Postdoctoral Researcher University of Sydney Sydney, New South Wales, Australia
Abstract: The rhythm of breathing is vital for mammalian life, required for daily activities and during sleep. The central nervous system (CNS) cells responsible for initiating and autonomously maintaining breathing rhythm are the preBotzinger complex (preBotC) neurons, residing in the brainstem. In rodents, preBotC development requires an orchestrated rostro-caudal signalling to achieve the correct rhombomeric regional identity within the hindbrain, as well as the correct dorso-ventral patterning. Although the biology of these neurons has been investigated in rodent studies, very little information exists from investigations in human systems. Here, we aimed to establish a novel, small molecule-based, human pluripotent stem cell (hPSC) protocol to differentiate regionally-specified preBotC neurons for advancing our understanding of human-specific features of the preBotC.
Following dual-SMAD inhibition for neural induction in vitro, we found that retinoic acid was necessary to upregulate the expression of HOX4 gene, required for the correct rostro-caudal rhombomeric patterning. Finetuning of dorso-ventral patterning of our cells successfully generated progenitors that expressed DBX1, a key marker of respiratory neural progenitors in the hindbrain. Maturation of these progenitors gave rise to neurons expressing markers consistent with preBotC identity and are electrophysiologically functional as demonstrated by multi-electrode array recordings.

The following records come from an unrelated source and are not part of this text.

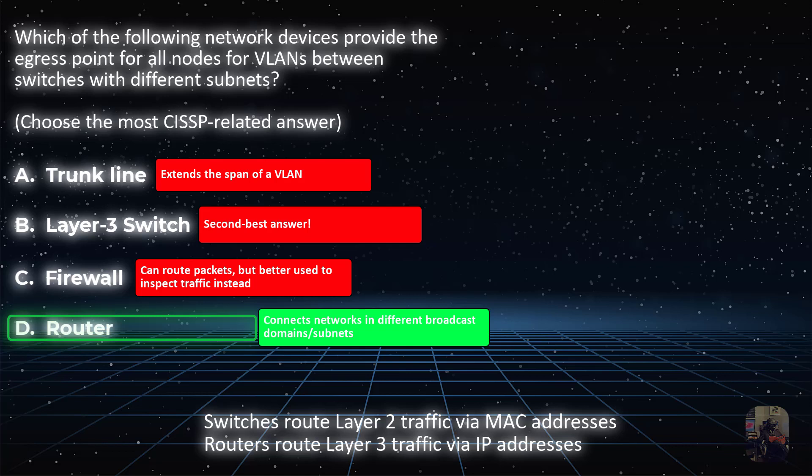Firewalls inspect the traffic passing through them. Always look for the best choice on the CISSP exam, especially when all of the other choices also seem correct. Okay? Good luck on your exam. You got this.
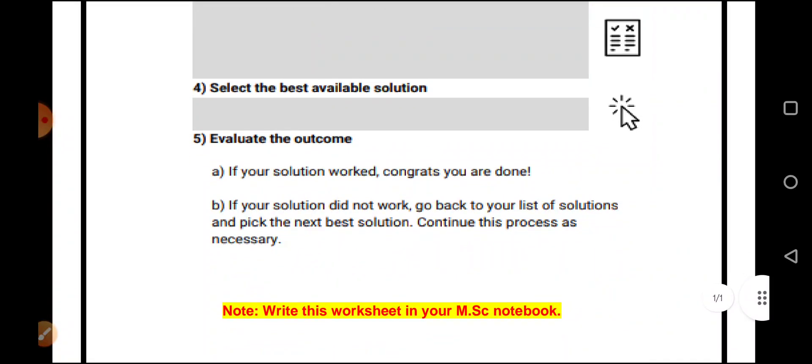So, this worksheet should be done on your moral science notebook. I hope the concept is clear to everyone. Thank you.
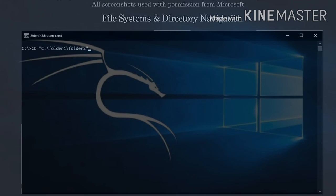Now that we've gone over file systems and directory navigation, let's move on to viewing directory structures with DIR and tree.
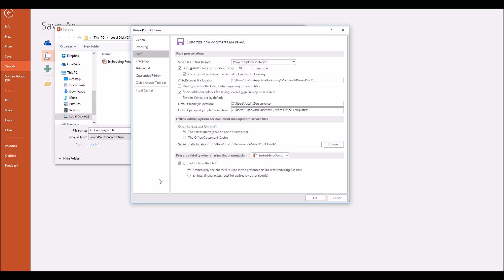The first option will only embed those characters you've actually used. So if the file isn't going to be edited at all at the place where the presentation is being shown, that's the best option — it means your overall file size is a little smaller. However, if you think you might need to edit the file, or somebody else might need to edit the presentation at some point, then you can choose the option to embed all characters — you embed the entire font so you can carry on editing it, adding new titles and using that font as though it was installed on the destination computer. That will mean your file size will be bigger, but it will allow you to retain the appearance of your presentation.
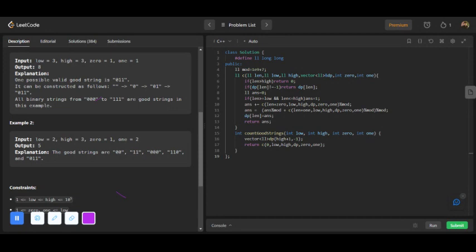If the length is less than high, I check whether dp of length is greater than or equal to one — meaning this length was already calculated — and return dp of length. I declare a variable answer equal to zero. If length is greater than or equal to low and less than or equal to high, answer is set to one (the special condition). Then I add zero zero-times and one one-times to the current length, recursively compute newly formed strings, and add to the answer. Finally, I store the answer in dp of length and return it.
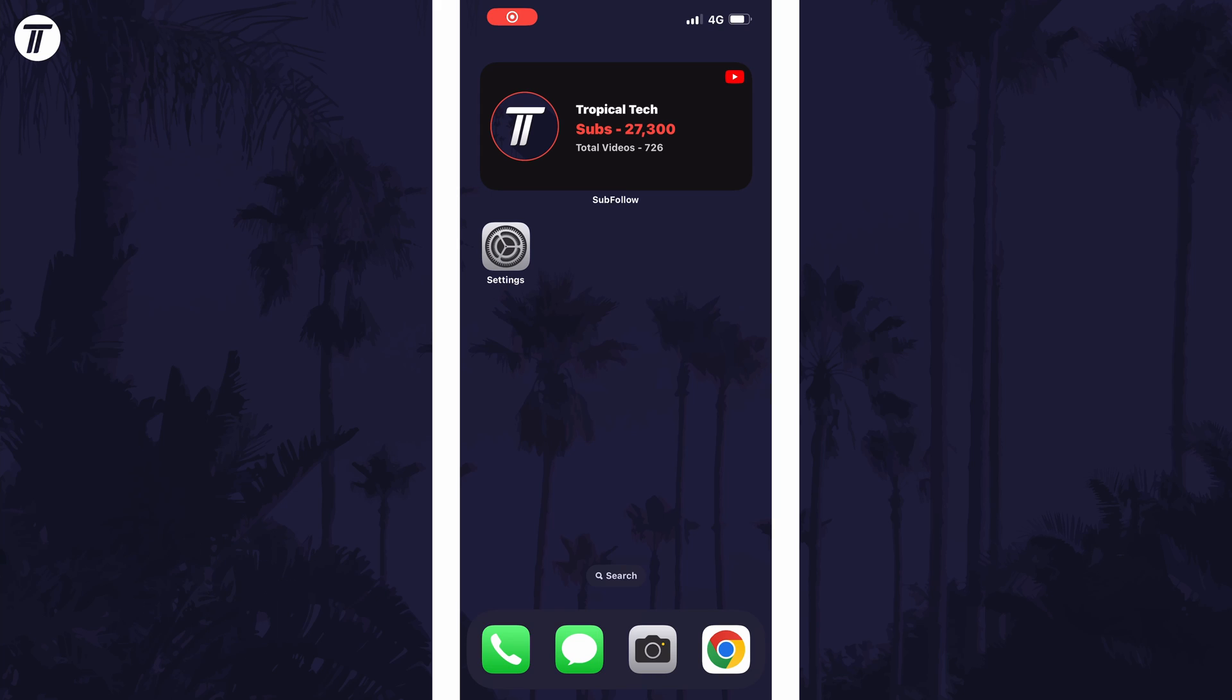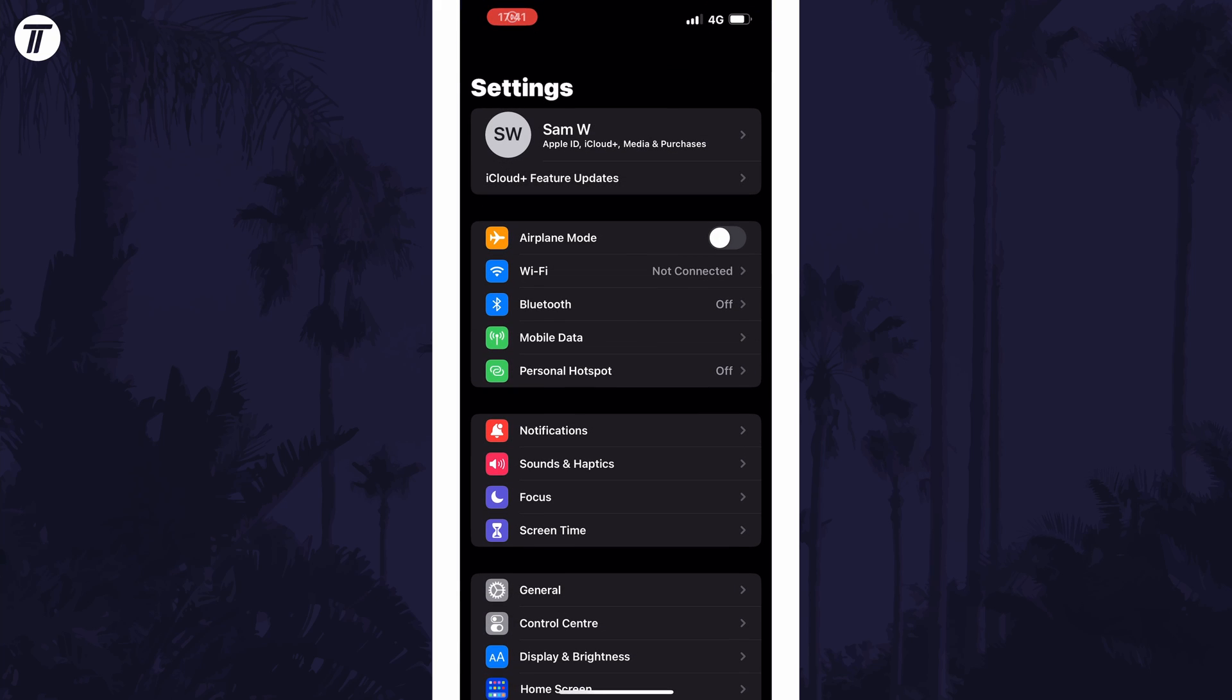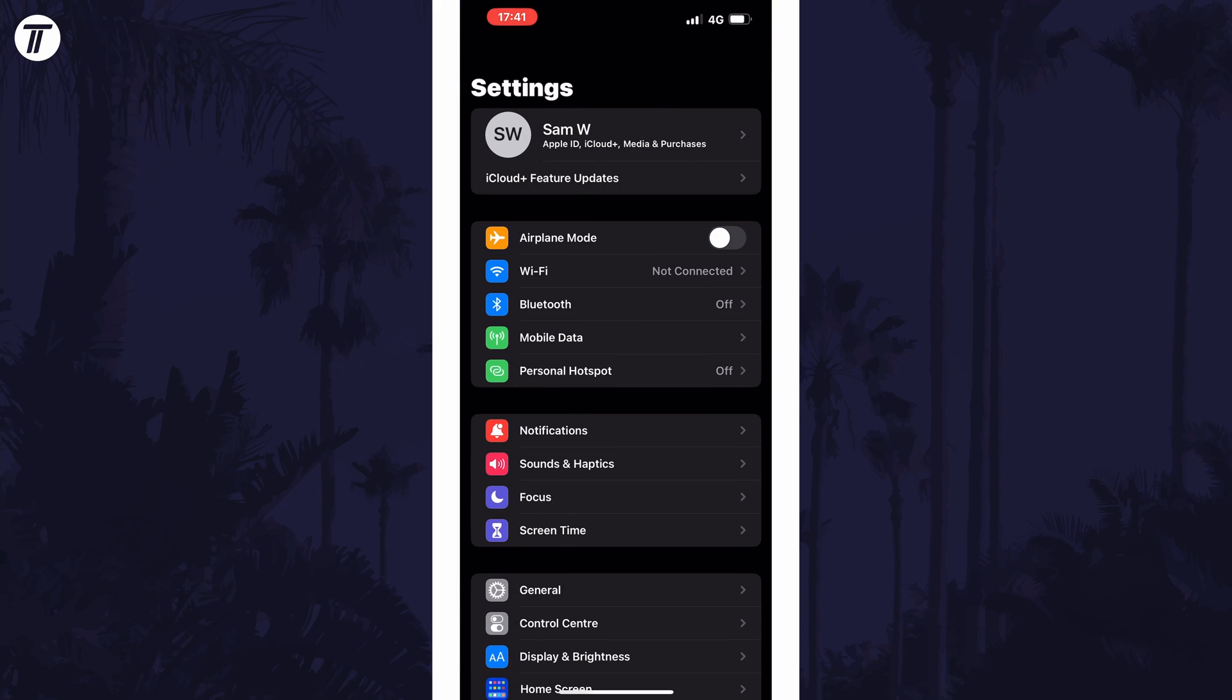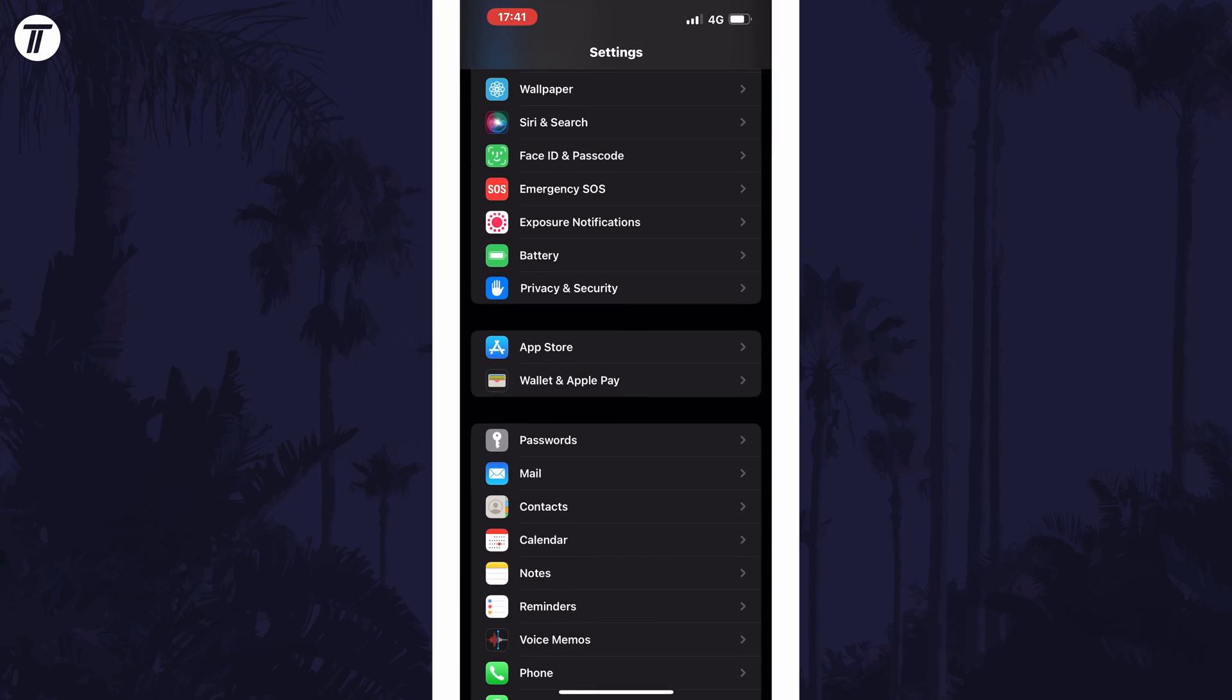To turn off automatic app updates, open the settings app first and then scroll down and select App Store from the list.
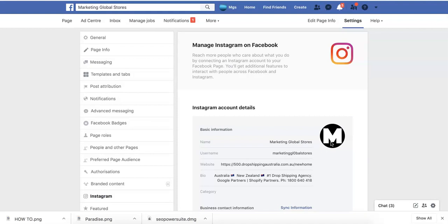Literally, that's how quickly you can connect your Instagram account to your Facebook page. It's very simple and will only take you a couple of minutes to do. In the next video, I'm going to show you how you can look at your competitors' Facebook ads.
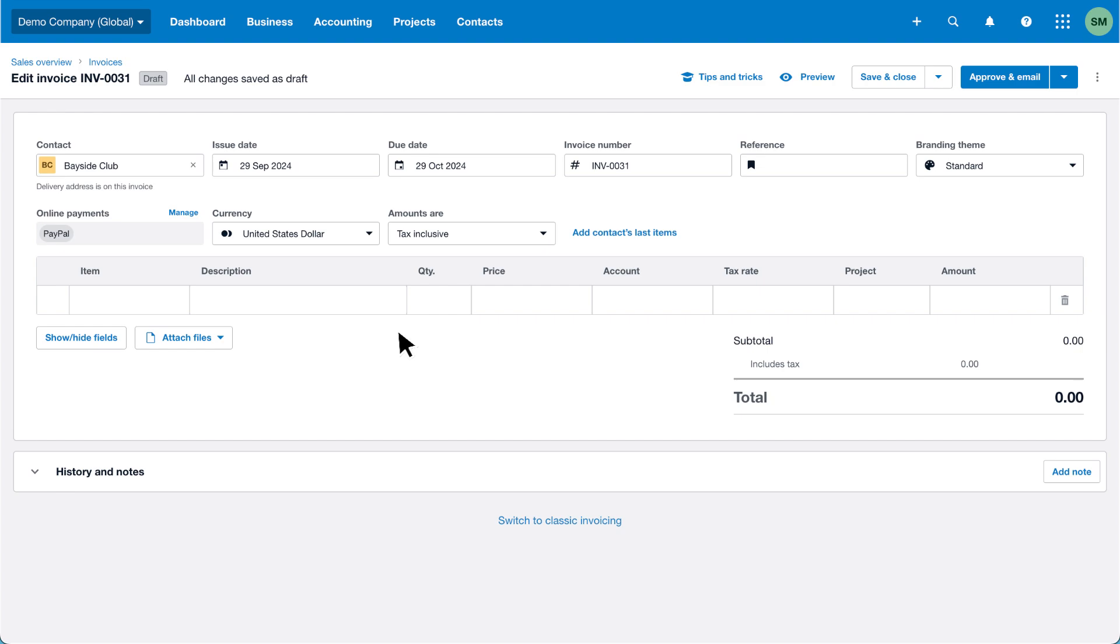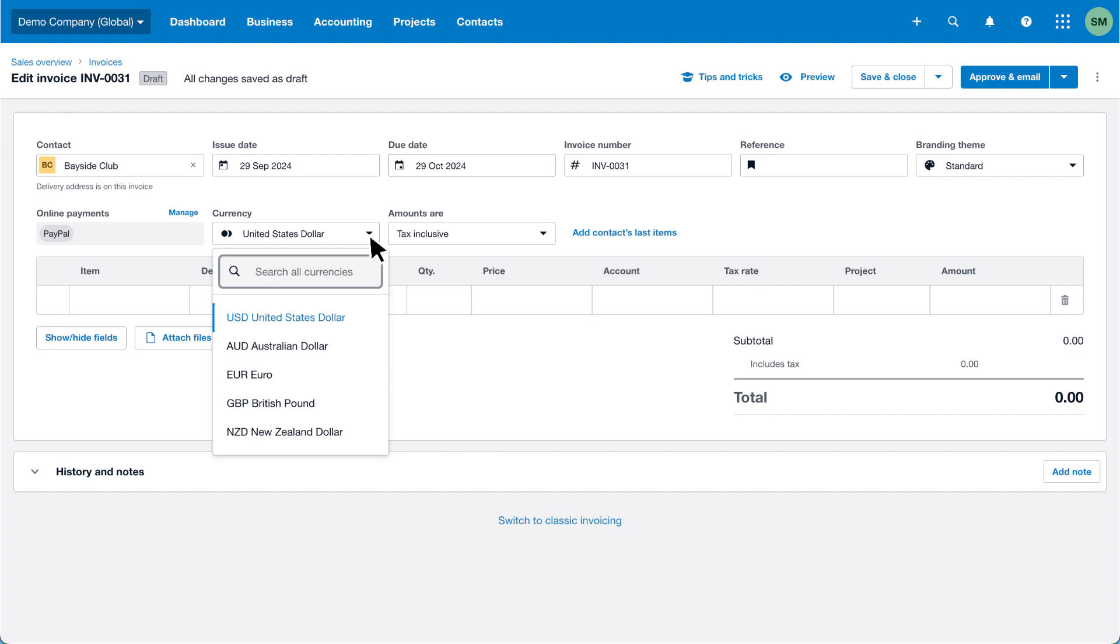If you invoice in multiple currencies you can review and update exchange rates when creating an invoice. Click the currency drop-down menu and choose the required one from the list of currencies you've added.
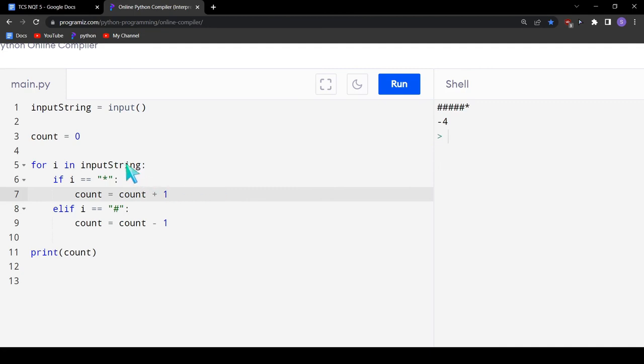Now let's see the intuition. Every time we see an asterisk, we increment the count, and every time we see a hashtag, we decrement the count. So if asterisks are more, we always get a positive integer. For example, if we see three asterisks and one hashtag, our count goes to 3 then back to 2 — giving a positive output of 2. There can be multiple solutions, but this is the most optimal and readable one. You can check this solution through the description section — I will be attaching the link. Thank you for watching.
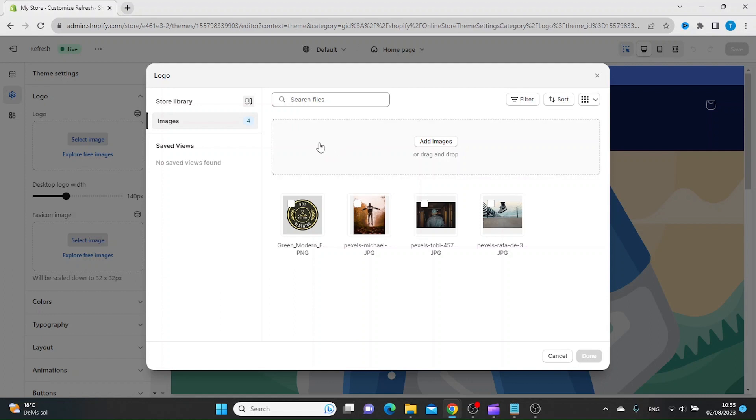When you've done that, you just click your logo and then click Done.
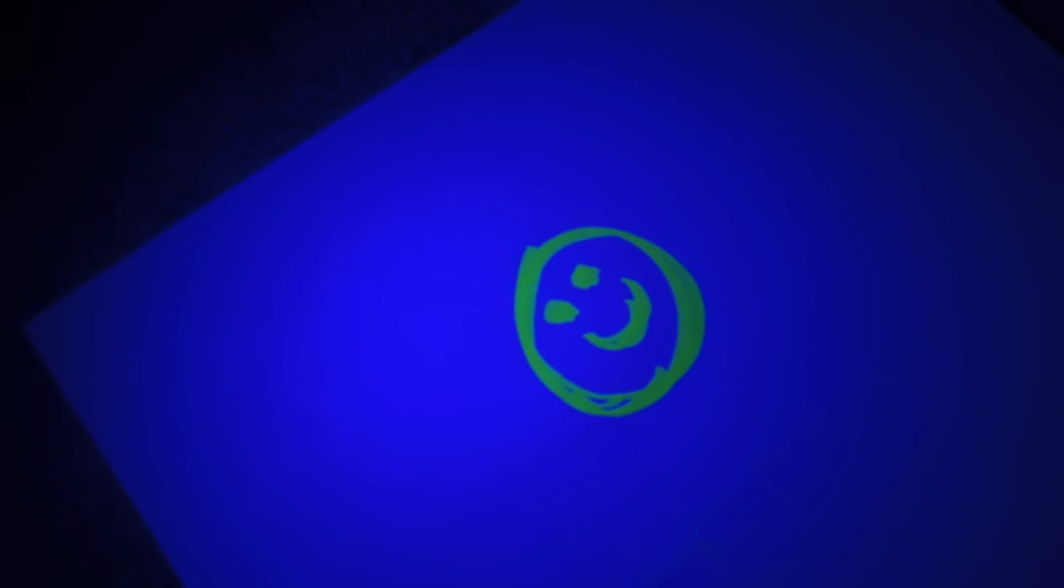Hey guys, it's Neil here with Gadget Hacks, and today we're going to show you how to turn your smartphone into a portable black light.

This protocol represents one of the first to generate human preBotC neurons by modulating rostro-caudal and dorso-ventral patterning of human PSCs. Establishing this hPSC protocol of preBotC neuron differentiation will facilitate future gene editing and disease modelling studies to further understand breathing and the rhythm of breathing in humans, as well as therapeutically supporting patients living with CNS-related respiratory disorders.